Drugi knot to sugestia, że z zasady i zawsze otwarcie onego -chronu powoduje zmniejszenie prędkości. Otóż nie bardzo, bo np. skacząc z hielikoptera [żadnych aluzji do Antosia memowego, cyt. "pyr-pyr-pyr..."]  i otwierając tę płachtę w miarę od razu, być może wcale nie doznajemy hamowania. Podobnie jest w przypadku pilota katapultowanego skądsiś, w szczególności w miarę nisko nad ziemio, gdy czasu ani miejsca na rozpędzanie się przesadne nie ma, inaczej bowiem wzmiankowany pilot mógłby boleśnie stłuc organizm o glebę.

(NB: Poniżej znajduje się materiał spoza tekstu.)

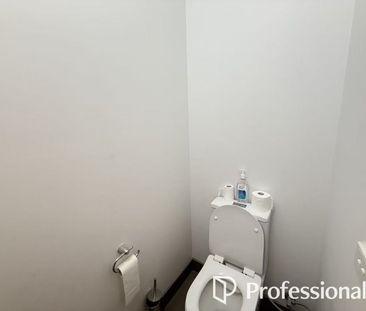 Modern Style and Convenience - Photo 3
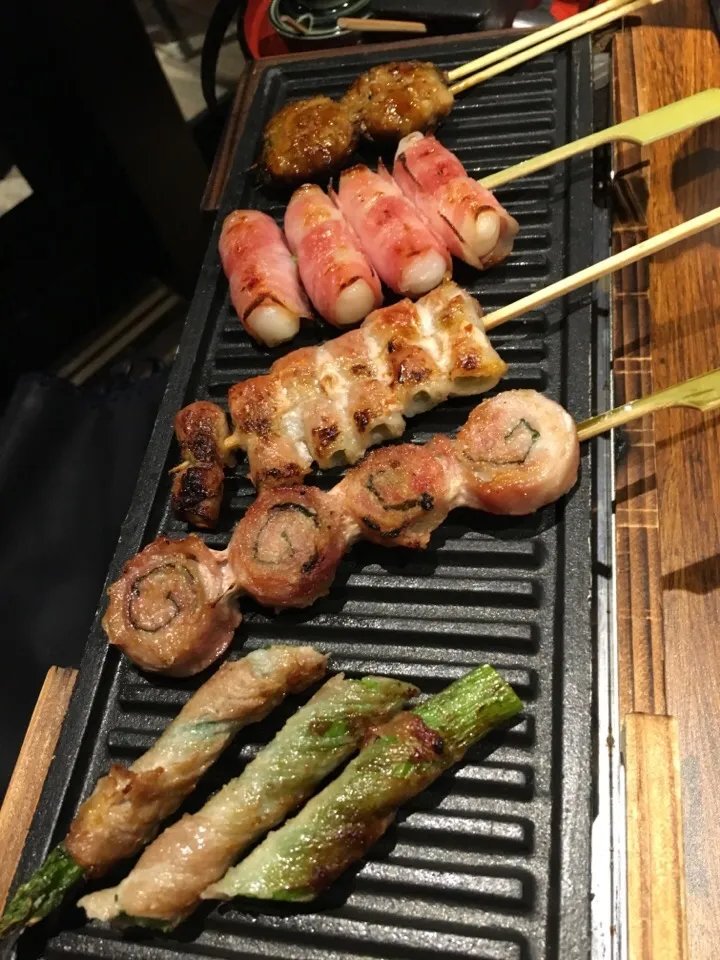 Snapdishの料理写真:変わり串焼き。アスパラ肉巻き、しそ肉巻き、ニンニク肉巻き、餅ベーコン巻き、しいたけ肉詰め|sniper66さん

Trzeci knot  — najokrutniejszy — to niejawna (a może jawna; i ciężko stwierdzić, który wariant bardziej hańbi nieszczęsnego autora) sugestia, że wykres prędkości od czasu będzie łamaną. Ale autor to, jak wielu z Sorbony, dureń; i to z tego złego gatunku — absolutnie odporny na samowątpliwość, sobą-wspaniały. Tacy są najszczęśliwsi. I kto wie, może dla takich jest minister wiadomy. I granty itp.

Jak zwykle: trza trzy przyp. szczeg.-i rozpatrzyć. Mianowicie

(i) czy otwieramy spadochron przed osiągnięciem prędkości (granicznej, ustalonej) spadku ze spadochronem, 

(ii) po tym, 

czy 

(iii) dokładnie w chwili, kiedy tę prędkość osiągniemy.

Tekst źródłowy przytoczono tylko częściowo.